DATA RECORDS:

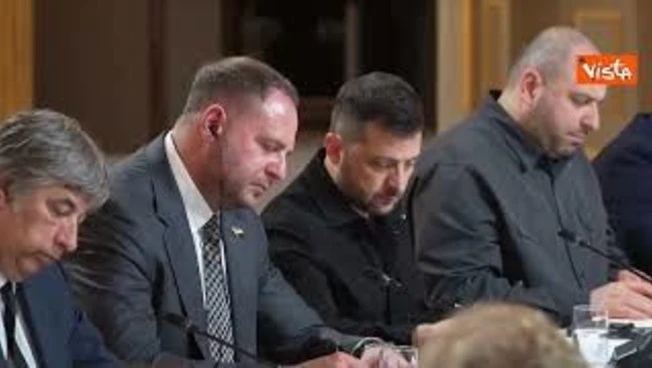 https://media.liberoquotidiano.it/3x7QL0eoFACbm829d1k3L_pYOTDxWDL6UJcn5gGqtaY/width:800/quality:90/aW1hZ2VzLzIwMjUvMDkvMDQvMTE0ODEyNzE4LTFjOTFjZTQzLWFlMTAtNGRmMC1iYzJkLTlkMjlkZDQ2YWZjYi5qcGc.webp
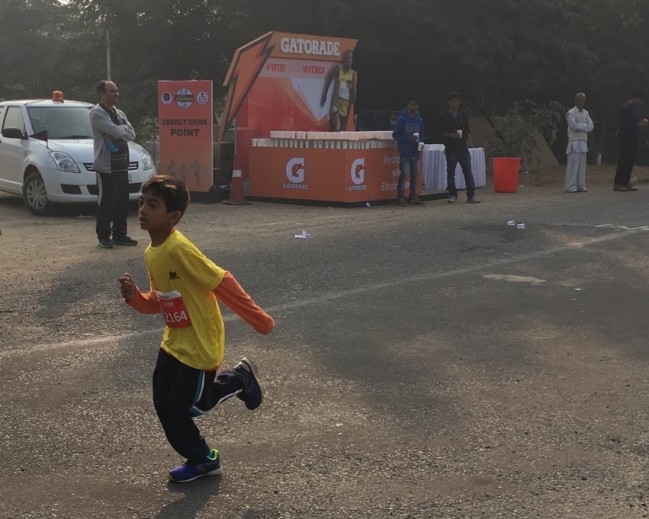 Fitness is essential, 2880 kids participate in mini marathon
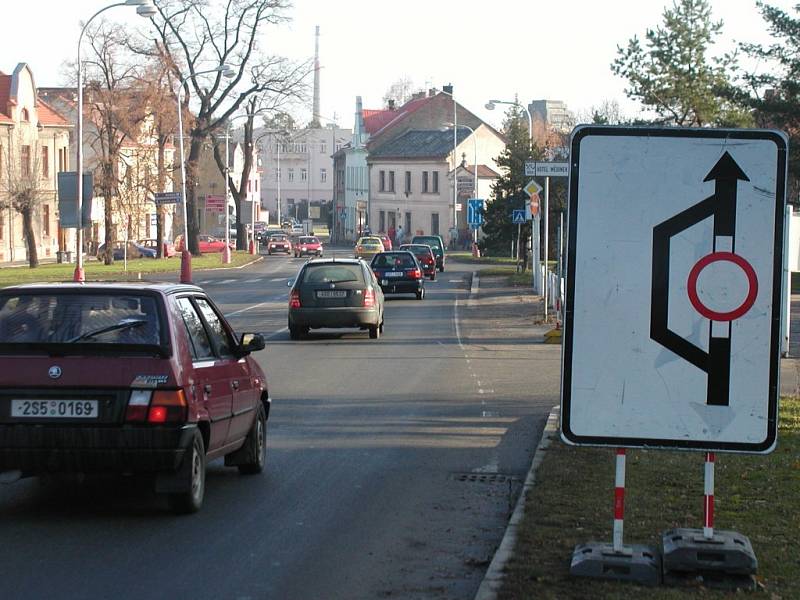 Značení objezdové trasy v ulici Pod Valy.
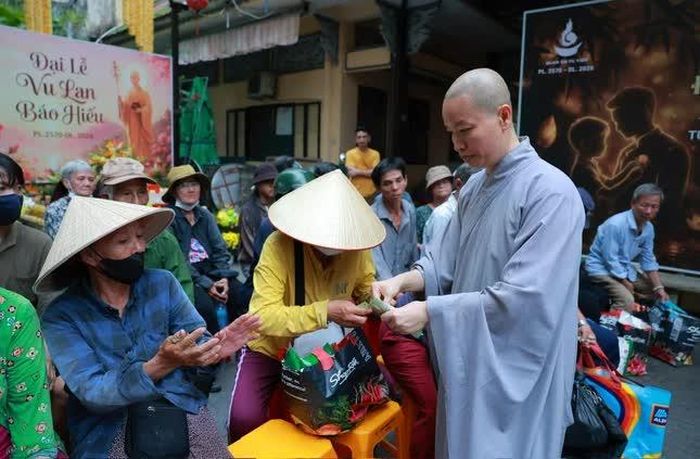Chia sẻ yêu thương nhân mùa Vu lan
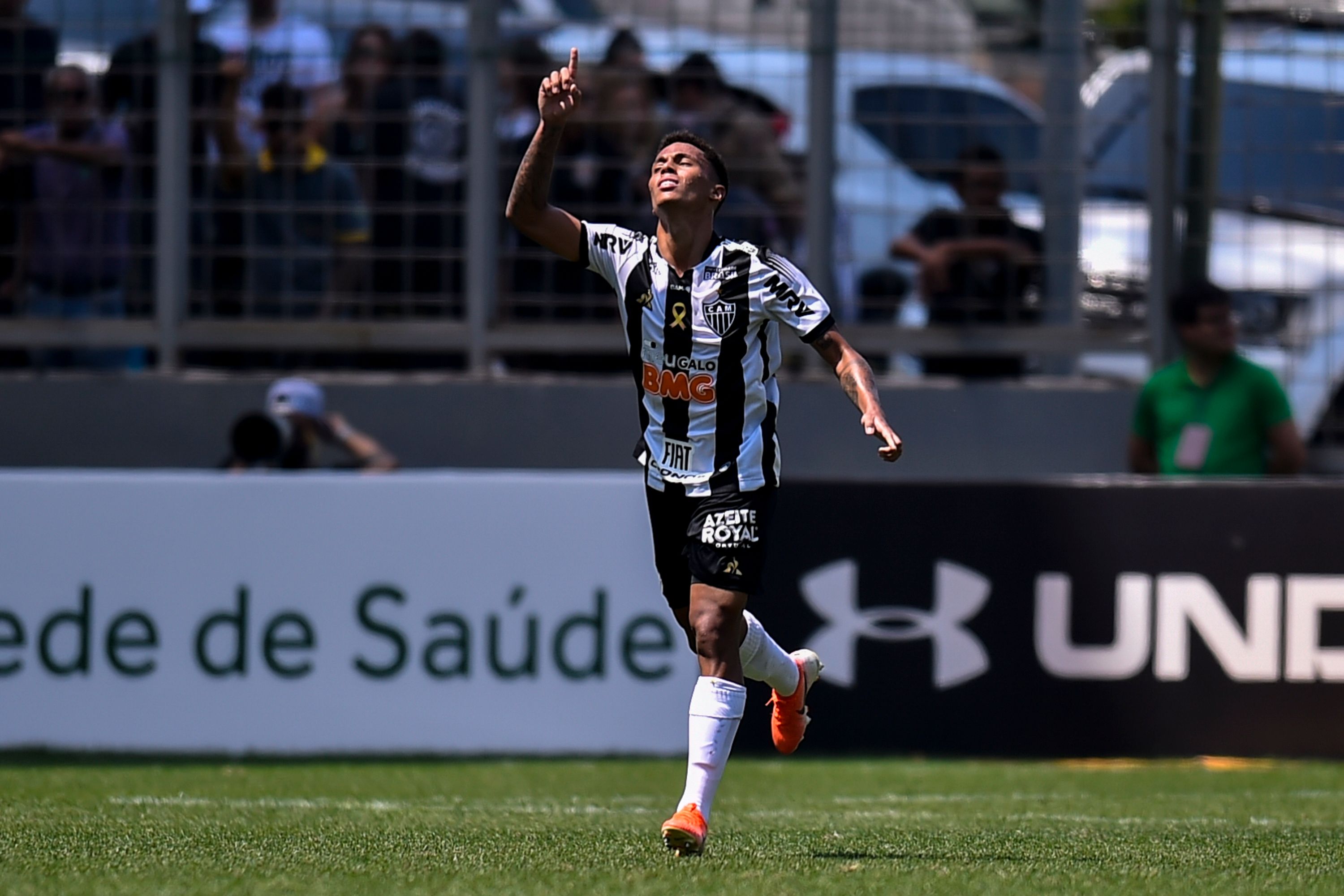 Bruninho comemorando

WORK TO BE COMPLETED:
Your task is to repeat the listing exactly while omitting its pictures.

SOLUTION TO THIS PROBLEM:
 https://media.liberoquotidiano.it/3x7QL0eoFACbm829d1k3L_pYOTDxWDL6UJcn5gGqtaY/width:800/quality:90/aW1hZ2VzLzIwMjUvMDkvMDQvMTE0ODEyNzE4LTFjOTFjZTQzLWFlMTAtNGRmMC1iYzJkLTlkMjlkZDQ2YWZjYi5qcGc.webp
 Fitness is essential, 2880 kids participate in mini marathon
 Značení objezdové trasy v ulici Pod Valy.
Chia sẻ yêu thương nhân mùa Vu lan
 Bruninho comemorando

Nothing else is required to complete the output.